State how many lines of the data below hold the string "Leather", giving nothing but the number.

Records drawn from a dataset

● ● ●

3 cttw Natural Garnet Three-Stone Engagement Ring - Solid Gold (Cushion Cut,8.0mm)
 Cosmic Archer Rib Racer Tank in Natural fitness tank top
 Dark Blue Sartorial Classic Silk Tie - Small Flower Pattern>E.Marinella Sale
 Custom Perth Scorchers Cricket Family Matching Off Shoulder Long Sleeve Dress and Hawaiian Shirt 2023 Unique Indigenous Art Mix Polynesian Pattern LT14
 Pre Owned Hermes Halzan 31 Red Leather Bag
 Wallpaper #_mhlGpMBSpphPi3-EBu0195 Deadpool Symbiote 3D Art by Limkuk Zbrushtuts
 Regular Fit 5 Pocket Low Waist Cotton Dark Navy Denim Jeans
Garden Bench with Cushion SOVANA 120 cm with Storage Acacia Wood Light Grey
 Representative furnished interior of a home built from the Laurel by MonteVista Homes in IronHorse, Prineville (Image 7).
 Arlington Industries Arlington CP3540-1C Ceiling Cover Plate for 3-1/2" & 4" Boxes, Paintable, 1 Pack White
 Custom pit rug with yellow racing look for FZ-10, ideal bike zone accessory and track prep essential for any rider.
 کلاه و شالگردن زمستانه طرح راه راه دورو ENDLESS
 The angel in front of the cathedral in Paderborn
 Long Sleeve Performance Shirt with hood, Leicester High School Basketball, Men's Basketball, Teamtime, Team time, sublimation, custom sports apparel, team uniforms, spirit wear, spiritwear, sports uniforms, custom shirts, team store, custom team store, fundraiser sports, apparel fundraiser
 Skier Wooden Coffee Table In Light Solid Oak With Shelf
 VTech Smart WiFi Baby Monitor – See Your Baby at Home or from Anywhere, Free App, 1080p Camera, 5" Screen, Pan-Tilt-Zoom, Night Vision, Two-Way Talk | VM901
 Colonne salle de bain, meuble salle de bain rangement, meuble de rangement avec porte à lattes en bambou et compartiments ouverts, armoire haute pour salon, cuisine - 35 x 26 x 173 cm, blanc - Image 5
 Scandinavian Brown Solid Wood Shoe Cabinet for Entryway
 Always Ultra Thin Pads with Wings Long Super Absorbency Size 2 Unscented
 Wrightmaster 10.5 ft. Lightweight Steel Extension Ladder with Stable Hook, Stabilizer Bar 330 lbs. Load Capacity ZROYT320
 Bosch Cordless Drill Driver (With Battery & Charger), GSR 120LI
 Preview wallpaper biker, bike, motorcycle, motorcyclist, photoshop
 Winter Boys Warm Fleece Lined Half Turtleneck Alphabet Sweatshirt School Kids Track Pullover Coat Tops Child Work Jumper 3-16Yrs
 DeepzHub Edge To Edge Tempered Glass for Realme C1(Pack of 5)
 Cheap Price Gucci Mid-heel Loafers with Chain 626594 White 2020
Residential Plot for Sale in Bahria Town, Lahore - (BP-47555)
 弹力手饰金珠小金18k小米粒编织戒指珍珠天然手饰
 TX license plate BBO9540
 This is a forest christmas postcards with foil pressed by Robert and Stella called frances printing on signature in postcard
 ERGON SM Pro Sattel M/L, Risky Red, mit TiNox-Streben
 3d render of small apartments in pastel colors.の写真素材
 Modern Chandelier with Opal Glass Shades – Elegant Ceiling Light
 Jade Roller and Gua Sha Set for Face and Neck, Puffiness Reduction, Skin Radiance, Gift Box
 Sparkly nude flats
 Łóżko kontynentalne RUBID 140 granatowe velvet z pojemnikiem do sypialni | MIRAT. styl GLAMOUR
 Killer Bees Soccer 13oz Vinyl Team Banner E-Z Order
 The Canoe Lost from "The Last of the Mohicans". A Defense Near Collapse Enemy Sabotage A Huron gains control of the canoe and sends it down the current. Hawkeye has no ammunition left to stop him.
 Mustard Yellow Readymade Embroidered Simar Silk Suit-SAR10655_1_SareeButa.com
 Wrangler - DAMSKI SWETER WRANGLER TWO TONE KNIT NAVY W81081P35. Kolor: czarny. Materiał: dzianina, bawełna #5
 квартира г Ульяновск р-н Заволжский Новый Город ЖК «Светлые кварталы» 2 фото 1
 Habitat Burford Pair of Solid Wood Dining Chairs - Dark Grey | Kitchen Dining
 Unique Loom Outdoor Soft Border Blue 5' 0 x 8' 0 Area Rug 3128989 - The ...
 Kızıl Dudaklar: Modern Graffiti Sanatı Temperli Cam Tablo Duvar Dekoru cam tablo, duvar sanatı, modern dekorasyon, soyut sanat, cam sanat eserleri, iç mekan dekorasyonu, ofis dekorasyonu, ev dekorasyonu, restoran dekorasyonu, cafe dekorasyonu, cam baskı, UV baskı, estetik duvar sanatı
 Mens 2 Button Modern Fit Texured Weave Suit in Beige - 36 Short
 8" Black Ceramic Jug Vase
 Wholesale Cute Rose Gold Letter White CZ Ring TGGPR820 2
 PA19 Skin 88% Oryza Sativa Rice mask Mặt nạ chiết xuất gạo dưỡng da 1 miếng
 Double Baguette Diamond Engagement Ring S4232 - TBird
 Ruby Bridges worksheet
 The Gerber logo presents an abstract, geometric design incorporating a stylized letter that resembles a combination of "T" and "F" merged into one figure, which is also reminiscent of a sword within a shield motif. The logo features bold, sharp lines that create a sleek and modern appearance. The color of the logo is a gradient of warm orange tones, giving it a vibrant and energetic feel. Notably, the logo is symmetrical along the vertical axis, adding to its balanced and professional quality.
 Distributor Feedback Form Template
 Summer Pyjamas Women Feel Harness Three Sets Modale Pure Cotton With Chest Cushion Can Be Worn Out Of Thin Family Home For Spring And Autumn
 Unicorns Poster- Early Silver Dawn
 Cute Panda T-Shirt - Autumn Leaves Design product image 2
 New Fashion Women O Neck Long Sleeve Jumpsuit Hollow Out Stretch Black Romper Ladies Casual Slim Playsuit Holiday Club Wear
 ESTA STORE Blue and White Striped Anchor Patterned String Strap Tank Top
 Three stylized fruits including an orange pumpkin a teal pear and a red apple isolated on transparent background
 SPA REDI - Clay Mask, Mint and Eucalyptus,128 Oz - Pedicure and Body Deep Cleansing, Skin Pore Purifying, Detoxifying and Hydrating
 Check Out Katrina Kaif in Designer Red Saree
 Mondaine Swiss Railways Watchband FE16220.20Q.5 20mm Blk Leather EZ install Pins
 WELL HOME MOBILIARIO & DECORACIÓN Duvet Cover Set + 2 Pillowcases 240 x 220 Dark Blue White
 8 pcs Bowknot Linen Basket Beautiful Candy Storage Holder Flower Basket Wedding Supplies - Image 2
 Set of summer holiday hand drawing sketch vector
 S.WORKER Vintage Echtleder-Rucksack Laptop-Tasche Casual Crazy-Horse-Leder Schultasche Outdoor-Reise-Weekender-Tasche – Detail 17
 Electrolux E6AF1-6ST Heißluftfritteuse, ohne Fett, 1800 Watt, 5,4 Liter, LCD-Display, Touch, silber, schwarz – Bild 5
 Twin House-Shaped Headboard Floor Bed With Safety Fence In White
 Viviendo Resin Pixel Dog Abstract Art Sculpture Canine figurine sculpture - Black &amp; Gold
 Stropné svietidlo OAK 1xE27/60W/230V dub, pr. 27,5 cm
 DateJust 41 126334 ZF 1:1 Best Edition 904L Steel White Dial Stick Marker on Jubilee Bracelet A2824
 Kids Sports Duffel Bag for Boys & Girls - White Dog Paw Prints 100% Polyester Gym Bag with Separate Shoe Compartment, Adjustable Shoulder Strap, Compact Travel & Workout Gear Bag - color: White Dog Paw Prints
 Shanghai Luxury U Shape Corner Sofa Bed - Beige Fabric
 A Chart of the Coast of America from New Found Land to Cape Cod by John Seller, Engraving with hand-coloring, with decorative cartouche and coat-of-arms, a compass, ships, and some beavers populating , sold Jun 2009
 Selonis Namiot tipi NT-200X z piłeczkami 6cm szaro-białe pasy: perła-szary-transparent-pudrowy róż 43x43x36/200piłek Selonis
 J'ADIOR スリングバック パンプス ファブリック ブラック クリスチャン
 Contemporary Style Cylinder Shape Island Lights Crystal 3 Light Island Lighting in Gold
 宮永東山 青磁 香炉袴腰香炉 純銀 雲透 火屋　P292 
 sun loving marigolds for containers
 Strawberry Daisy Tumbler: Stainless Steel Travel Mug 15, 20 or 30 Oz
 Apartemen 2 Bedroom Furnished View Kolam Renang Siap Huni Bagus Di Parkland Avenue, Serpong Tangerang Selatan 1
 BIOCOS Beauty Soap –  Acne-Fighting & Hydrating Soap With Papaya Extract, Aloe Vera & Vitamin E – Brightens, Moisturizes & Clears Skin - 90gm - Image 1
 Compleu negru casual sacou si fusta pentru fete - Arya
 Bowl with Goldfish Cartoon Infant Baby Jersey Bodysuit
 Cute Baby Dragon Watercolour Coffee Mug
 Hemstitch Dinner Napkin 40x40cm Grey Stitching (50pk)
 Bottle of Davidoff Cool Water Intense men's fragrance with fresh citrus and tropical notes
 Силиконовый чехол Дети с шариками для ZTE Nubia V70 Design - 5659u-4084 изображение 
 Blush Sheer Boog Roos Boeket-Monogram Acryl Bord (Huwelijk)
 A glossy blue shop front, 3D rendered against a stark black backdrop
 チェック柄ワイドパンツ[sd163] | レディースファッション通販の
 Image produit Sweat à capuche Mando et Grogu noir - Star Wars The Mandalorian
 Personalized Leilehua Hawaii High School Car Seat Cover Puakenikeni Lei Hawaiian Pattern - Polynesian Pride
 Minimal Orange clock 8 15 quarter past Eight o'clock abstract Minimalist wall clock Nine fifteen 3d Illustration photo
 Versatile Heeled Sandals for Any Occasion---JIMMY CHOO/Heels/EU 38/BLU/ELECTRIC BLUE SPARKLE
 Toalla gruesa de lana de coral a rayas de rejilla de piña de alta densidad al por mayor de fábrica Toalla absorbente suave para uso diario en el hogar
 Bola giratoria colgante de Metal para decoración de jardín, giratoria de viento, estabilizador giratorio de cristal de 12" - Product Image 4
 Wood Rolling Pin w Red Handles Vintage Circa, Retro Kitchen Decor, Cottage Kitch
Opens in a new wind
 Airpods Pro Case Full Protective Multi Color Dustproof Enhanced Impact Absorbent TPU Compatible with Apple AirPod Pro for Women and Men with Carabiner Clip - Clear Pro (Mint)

● ● ●

Task response - 2